The bad guys are even less credible. The mastermind behind the bank job is a vaguely criminal multi-millionaire who green-lights a plan to "agree to pay, arrange the drop, flush them out in the open, then kill them" -- after they already did exactly that once before and botched it miserably. He also keeps his safe unlocked and his wall-mounted, museum-like display of machine guns fully loaded.

Seeking any excuse for comedic set piece, Driver and McCormack launch into slapstick jiggles while they ineptly fire those loaded guns. Earlier they play "good cop, bad cop" with a nightclub owner -- who is inexplicably intimidated by two 115-lb. pretty things even though he's surrounded by 250-lb. bodyguards.

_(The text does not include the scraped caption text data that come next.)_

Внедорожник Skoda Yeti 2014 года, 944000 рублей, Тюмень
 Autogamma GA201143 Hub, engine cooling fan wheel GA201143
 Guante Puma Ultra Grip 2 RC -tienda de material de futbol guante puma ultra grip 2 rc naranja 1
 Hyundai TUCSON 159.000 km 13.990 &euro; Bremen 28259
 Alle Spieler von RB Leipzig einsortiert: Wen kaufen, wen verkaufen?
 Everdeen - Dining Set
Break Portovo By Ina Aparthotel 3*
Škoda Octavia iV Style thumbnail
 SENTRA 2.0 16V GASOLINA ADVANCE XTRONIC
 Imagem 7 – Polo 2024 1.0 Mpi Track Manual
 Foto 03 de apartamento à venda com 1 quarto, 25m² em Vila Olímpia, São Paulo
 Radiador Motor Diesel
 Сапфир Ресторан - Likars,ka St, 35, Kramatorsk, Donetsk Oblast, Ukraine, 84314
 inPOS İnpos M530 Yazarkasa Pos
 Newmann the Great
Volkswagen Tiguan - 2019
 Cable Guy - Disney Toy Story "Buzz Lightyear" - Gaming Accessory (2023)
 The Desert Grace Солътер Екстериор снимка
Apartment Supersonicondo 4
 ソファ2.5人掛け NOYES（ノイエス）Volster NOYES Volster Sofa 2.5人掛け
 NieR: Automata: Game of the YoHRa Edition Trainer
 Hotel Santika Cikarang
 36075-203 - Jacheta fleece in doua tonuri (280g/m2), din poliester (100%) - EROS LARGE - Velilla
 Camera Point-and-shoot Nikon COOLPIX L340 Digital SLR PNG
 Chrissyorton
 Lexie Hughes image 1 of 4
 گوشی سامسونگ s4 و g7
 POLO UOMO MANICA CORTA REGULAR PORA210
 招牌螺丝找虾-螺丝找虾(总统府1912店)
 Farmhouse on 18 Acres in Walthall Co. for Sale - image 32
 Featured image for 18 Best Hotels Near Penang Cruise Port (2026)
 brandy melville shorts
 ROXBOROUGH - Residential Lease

The movie's incidental laughs are far more genuine, like the fact that by day nurse Driver ends up treating the wounds of everyone that gets shot in her wake at night. But while the sprightly energy and its occasional spark of creativity (a jazzy montage sequence subdivides the screen as the women prepare for their last big blackmail attempt) draws a few smiles, "High Heels & Low Lifes" just feels phony on every level. It's more a ride at an estrogen empowerment amusement park than it is a viable idea for a motion picture.